Notice: Fourth Circuit Local Rule 36(c) States That Citation of Unpublished Dispositions is Disfavored Except for Establishing Res Judicata, Estoppel, or the Law of the Case and Requires Service of Copies of Cited Unpublished Dispositions of the Fourth Circuit.united States of America, Plaintiff-appellee, v. Sandra M. Skeen, Defendant-appellant.united States of America, Plaintiff-appellee, v.
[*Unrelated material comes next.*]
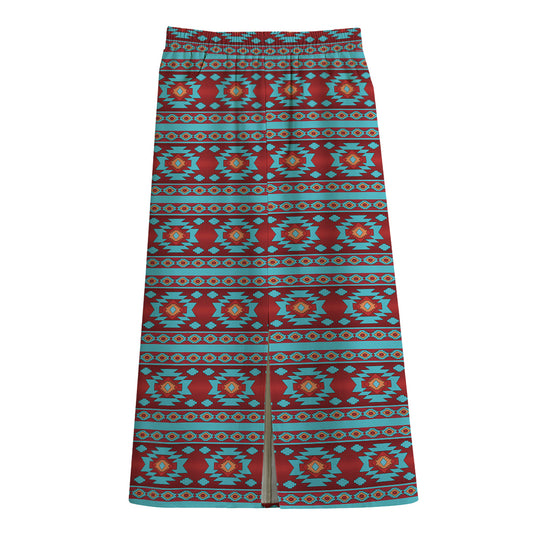 Red And Teal Southwestern Pattern Print Cotton Front Slit Maxi Skirt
Robert L. Peeler, Sr., Defendant-appellant, 86 F.3d 1154 (4th Cir. 1996)Annotate this Case
Submitted May 21, 1996. Decided June 3, 1996
Oscar William Bannister, Jr., D. Garrison Hill, HILL, WYATT, BANNISTER & BROWN, L.L.P., Greenville, South Carolina; Albert Q. Taylor, Jr., TAYLOR & HENRY, Greenville, South Carolina, for Appellants.
William Corley Lucius, Assistant United States Attorney, Greenville, South Carolina, for Appellee.
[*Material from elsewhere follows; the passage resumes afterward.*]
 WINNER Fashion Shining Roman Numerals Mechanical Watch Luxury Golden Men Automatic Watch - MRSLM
Before MURNAGHAN, LUTTIG, and MOTZ, Circuit Judges.
Robert Peeler, Sr., and Sandra Skeen appeal from their convictions of making material false statements on loan applications with banks insured by the FDIC (18 U.S.C.A. §§ 1014, 2) (West 1976 & Supp.1996) (Counts One through Nine) and knowingly and fraudulently withholding documents relating to a debtor's assets from the bankruptcy trustee (18 U.S.C.A. § 152) (West 1969 & Supp.1996) (Count Ten). Peeler also appeals from his conviction of withholding, concealing, and falsifying certain bankruptcy records (18 U.S.C. § 152) (Count Eleven). Their attorney has filed a brief pursuant to Anders v. California, 386 U.S. 738 (1967), noting three issues regarding sentencing but stating that, in his view, there are no meritorious issues for appeal. Peeler and Skeen were both notified of their right to file supplemental pro se briefs. Only Peeler has done so.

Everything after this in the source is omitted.